**Available data:**
════════════════════
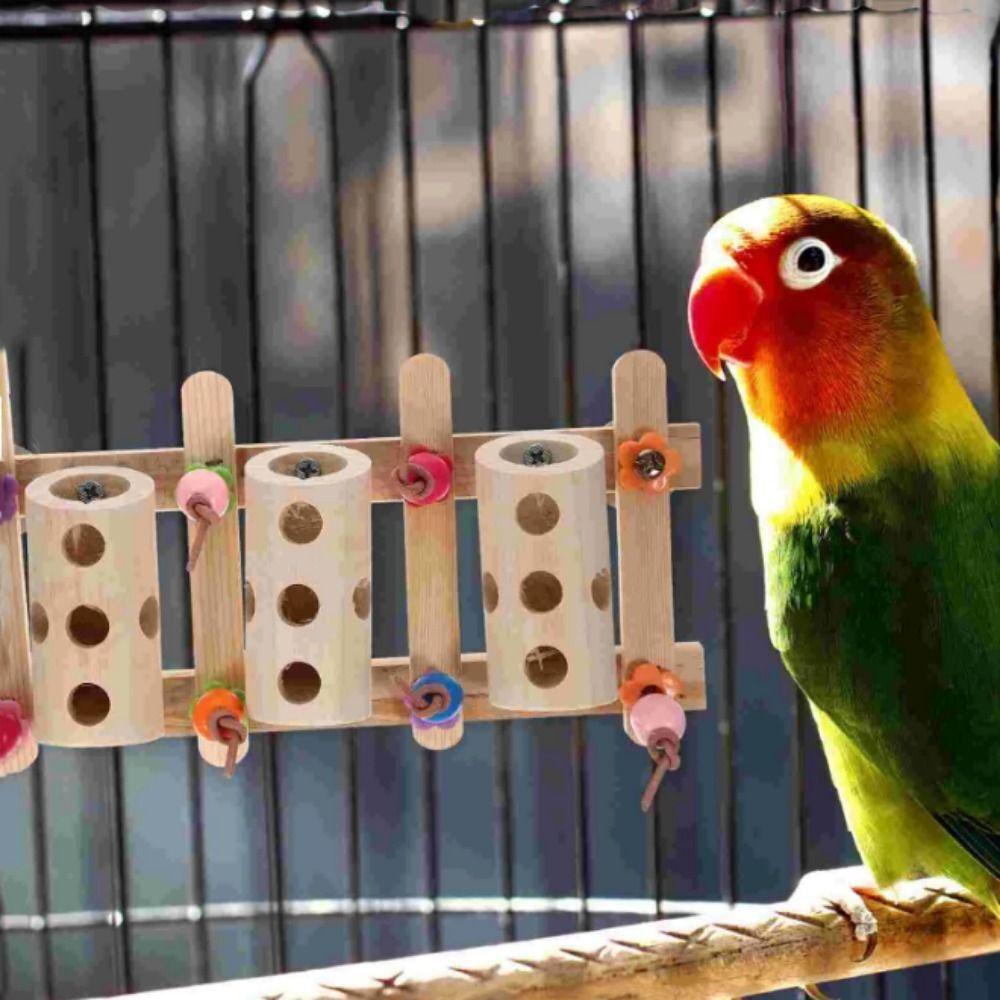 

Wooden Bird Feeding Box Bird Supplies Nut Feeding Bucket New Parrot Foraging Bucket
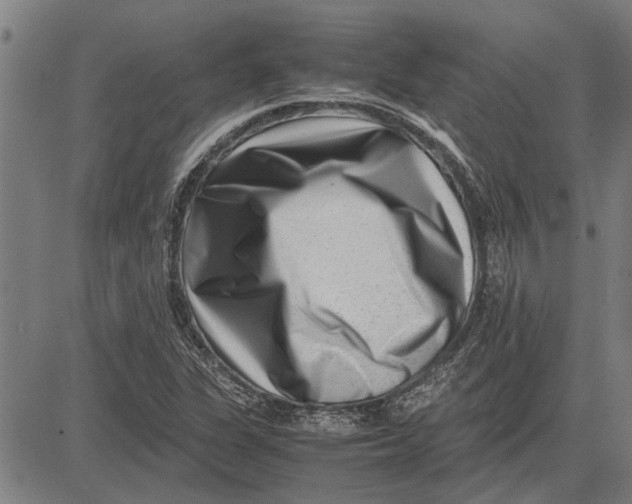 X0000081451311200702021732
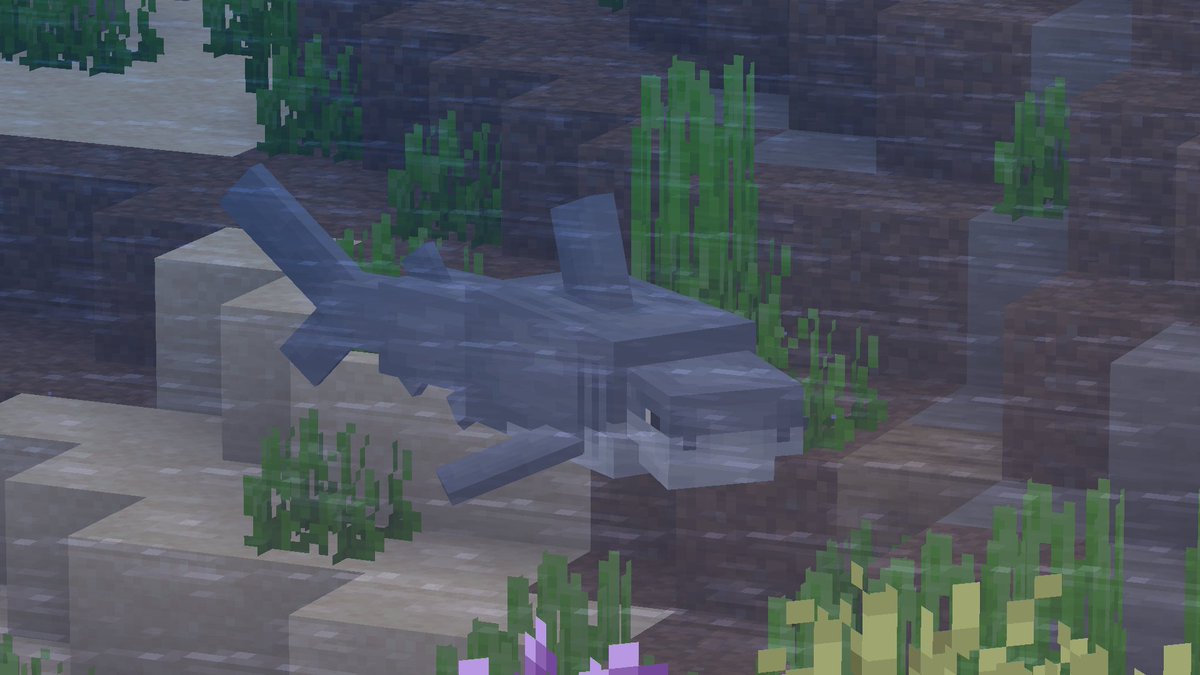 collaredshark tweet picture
════════════════════
**Task:** Would you write out the material above in full, exactly as given, except for its pictures?

**Response:**
Wooden Bird Feeding Box Bird Supplies Nut Feeding Bucket New Parrot Foraging Bucket
 X0000081451311200702021732
 collaredshark tweet picture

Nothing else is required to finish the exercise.